Without obfuscation, a hacker could reverse engineer a Java or .NET application with a freely available decompiler, then either read it looking for newer known vulnerabilities, or run a recent release of a code scanner tool against it that will point out the vulnerabilities to them. DashO and Dotfuscator can significantly hinder this process. DashO and Dotfuscator typically make decompilers generate gibberish or throw exceptions.
Also, you patch your code for security vulnerabilities right? Hackers know this too and to them a security patch is a roadmap for breaking into existing unpatched applications. Obfuscating your applications is key, and using an obfuscator that incrementally obfuscates patches is crucial to protecting your application throughout its lifetime.

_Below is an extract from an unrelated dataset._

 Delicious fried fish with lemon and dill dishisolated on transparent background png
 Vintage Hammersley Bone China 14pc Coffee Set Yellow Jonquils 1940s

Historically, web service companies have the advantage of being able to rely on server security in addition to obfuscation to protect the intellectual property and business process embedded within their software. However, in this age of Web 2.0, web service companies are commonly releasing components (i.e. APIs) for public use to provide programmatic access to their services.
This new exposure catches many web service companies by surprise and as Joe Feiman of Gartner points out in a resent research report, such companies should take extra steps to be sure that publicly released code is protected from reverse-engineering. Advanced obfuscation techniques in PreEmptive's Dotfuscator and DashO products can even protect compiled code while leaving the public interface intact. It runs quickly and correctly, it just can't be reverse compiled.